WhatsApp-Based Language Data Collection for the SA-CDI
BScHons Computer Science · Stellenbosch University · Child Language Development Node
My Honours research project: replacing a mobile app with an accessible WhatsApp questionnaire so users can contribute without installing anything.
The SA-CDI project is gathering Communicative Development Inventory responses from caregivers across South Africa to establish early-language development norms in the country's official languages, with a target of roughly 20,000 responses. An earlier pilot used a Flutter app, but asking caregivers to install software created real barriers around data cost, device storage, and digital literacy. My project delivers the same questionnaire through WhatsApp, a platform most caregivers already use, with no installation at all.

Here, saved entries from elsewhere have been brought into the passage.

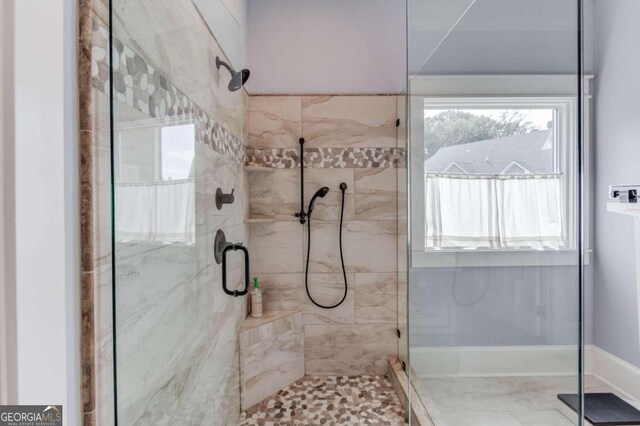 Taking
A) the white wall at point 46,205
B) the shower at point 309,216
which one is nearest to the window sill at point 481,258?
the shower at point 309,216

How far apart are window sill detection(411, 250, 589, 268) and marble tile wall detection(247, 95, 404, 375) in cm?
38

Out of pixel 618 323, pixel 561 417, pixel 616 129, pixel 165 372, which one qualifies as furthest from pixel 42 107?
pixel 618 323

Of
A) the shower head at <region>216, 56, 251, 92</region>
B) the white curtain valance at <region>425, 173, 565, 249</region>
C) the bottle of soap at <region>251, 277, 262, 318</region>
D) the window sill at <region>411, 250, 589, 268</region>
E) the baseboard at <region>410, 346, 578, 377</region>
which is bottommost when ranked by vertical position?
the baseboard at <region>410, 346, 578, 377</region>

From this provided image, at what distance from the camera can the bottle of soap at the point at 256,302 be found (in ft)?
6.61

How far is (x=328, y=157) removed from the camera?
2.14 metres

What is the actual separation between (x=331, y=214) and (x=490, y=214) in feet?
3.21

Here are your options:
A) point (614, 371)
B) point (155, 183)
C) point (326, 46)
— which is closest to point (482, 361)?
point (614, 371)

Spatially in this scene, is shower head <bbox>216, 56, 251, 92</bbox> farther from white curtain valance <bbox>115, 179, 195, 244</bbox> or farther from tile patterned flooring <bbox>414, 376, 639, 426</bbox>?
tile patterned flooring <bbox>414, 376, 639, 426</bbox>

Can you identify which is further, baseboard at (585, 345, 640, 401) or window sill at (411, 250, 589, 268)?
baseboard at (585, 345, 640, 401)

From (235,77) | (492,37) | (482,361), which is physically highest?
(492,37)

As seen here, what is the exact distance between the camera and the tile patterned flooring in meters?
1.42

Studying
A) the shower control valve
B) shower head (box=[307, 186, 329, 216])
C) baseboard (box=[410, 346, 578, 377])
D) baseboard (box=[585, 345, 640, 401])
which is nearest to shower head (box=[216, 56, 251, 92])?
the shower control valve

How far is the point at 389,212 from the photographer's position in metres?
2.17

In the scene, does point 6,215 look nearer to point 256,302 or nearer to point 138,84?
point 138,84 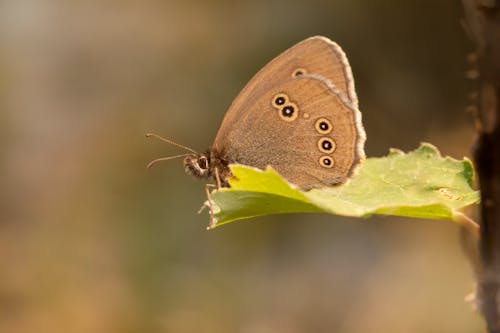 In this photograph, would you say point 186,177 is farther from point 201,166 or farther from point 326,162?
point 326,162

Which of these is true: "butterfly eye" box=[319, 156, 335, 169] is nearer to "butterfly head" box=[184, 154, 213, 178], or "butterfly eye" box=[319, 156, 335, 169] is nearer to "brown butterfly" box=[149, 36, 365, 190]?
"brown butterfly" box=[149, 36, 365, 190]

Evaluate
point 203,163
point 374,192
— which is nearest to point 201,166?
point 203,163

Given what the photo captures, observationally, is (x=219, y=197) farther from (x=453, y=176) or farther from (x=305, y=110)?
(x=305, y=110)

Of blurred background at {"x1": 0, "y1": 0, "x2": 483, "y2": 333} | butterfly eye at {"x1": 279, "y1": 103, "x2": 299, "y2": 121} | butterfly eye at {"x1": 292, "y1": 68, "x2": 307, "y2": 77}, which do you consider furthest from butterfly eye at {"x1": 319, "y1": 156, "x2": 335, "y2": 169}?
blurred background at {"x1": 0, "y1": 0, "x2": 483, "y2": 333}

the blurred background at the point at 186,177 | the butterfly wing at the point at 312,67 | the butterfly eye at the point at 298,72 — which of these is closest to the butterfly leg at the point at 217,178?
the butterfly wing at the point at 312,67

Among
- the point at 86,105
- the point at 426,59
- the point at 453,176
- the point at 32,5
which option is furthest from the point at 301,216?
the point at 453,176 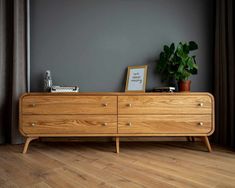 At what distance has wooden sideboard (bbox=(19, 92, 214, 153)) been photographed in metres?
1.71

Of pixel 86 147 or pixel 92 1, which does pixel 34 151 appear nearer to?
pixel 86 147

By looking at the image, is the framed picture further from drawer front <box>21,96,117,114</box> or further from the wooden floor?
the wooden floor

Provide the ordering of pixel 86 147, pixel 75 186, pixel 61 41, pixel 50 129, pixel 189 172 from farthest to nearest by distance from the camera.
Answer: pixel 61 41, pixel 86 147, pixel 50 129, pixel 189 172, pixel 75 186

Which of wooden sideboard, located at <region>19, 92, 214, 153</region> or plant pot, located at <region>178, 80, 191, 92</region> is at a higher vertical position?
plant pot, located at <region>178, 80, 191, 92</region>

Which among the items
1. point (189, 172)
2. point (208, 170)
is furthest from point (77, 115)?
point (208, 170)

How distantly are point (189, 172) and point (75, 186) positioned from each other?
0.85 m

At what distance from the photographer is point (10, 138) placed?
201cm

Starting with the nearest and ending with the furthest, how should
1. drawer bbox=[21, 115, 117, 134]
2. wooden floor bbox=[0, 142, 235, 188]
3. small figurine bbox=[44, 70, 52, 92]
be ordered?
wooden floor bbox=[0, 142, 235, 188], drawer bbox=[21, 115, 117, 134], small figurine bbox=[44, 70, 52, 92]

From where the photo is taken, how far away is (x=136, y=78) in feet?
6.98

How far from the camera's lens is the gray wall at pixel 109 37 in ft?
7.09

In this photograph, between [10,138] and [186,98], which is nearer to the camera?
[186,98]

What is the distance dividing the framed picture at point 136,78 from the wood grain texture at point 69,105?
47 cm

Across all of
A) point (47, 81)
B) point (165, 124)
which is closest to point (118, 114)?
point (165, 124)

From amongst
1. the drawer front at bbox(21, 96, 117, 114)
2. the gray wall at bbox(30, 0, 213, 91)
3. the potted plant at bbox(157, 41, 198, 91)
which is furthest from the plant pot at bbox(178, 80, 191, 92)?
the drawer front at bbox(21, 96, 117, 114) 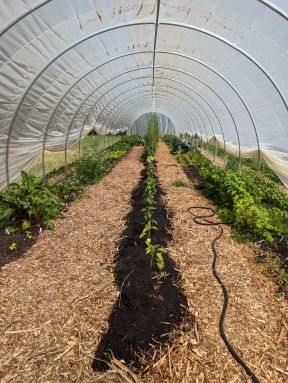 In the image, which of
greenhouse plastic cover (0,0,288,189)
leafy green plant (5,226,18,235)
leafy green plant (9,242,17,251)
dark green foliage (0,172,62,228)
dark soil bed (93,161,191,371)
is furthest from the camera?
dark green foliage (0,172,62,228)

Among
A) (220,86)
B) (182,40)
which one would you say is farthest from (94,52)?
(220,86)

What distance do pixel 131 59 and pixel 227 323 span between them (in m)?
7.88

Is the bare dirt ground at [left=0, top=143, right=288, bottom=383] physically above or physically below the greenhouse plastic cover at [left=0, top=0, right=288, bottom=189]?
below

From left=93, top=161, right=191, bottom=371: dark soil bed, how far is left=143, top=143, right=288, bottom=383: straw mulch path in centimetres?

I'm building the system in Python and Flask, using Twilio for WhatsApp messaging, Firebase for storage, and soon Azure neural text-to-speech wil be used so caregivers with lower literacy can hear each question read aloud. It runs in English, Afrikaans, and isiXhosa, persists session state server-side so a questionnaire can be paused and resumed across conversations, and pseudonymises participant data to stay POPIA-compliant. Alongside the engineering, the work is structured around three research questions: how the WhatsApp interface compares to the original app, which text-to-speech system serves each language best, and how the interface holds up under usability evaluation.
- Working button-based prototype in the Twilio sandbox, with a WhatsApp Flows version prepared for migration once a Business Account is approved.
- AgileUX co-design with linguists, fieldworkers, and caregivers throughout.
- Schema-compatible with the research team's existing Firebase pipeline, so responses drop straight into their analysis tools.